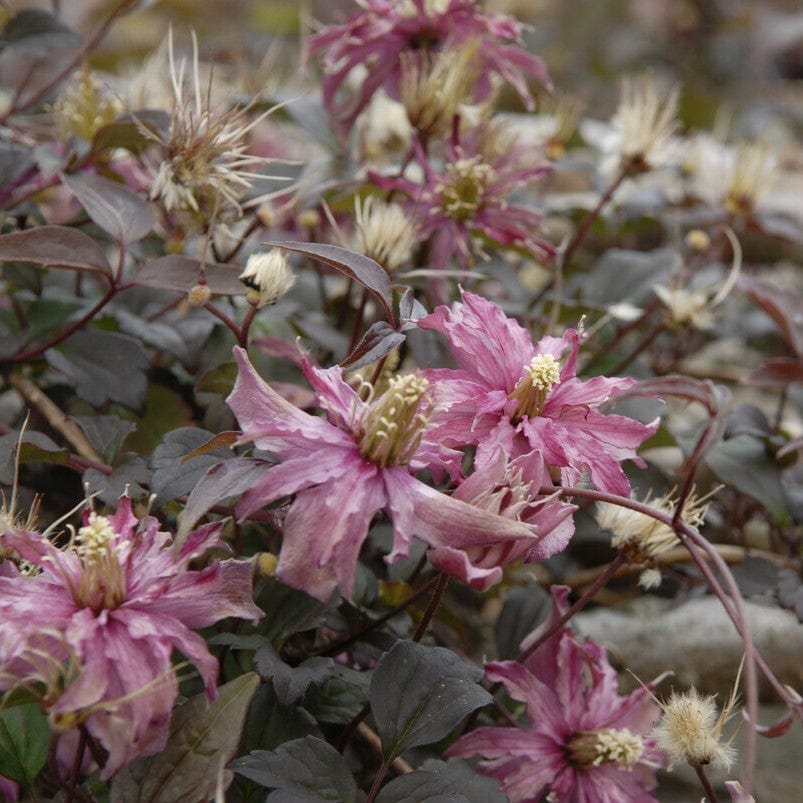 Clematis montana 'Marjorie'
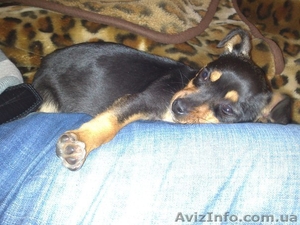 продам той -терьерчика #986977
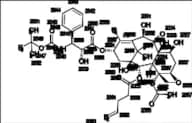 2-Debenzoyl-2-Pentenoyl Docetaxel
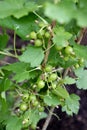 Green currants in the garden, close-up photo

What the task requires: What you give back must be exactly the lines of the listing above from the line containing "продам той -терьерчика #986977" through its last line, inclusive, without pictures, please.

Task answer:
 продам той -терьерчика #986977
 2-Debenzoyl-2-Pentenoyl Docetaxel
 Green currants in the garden, close-up photo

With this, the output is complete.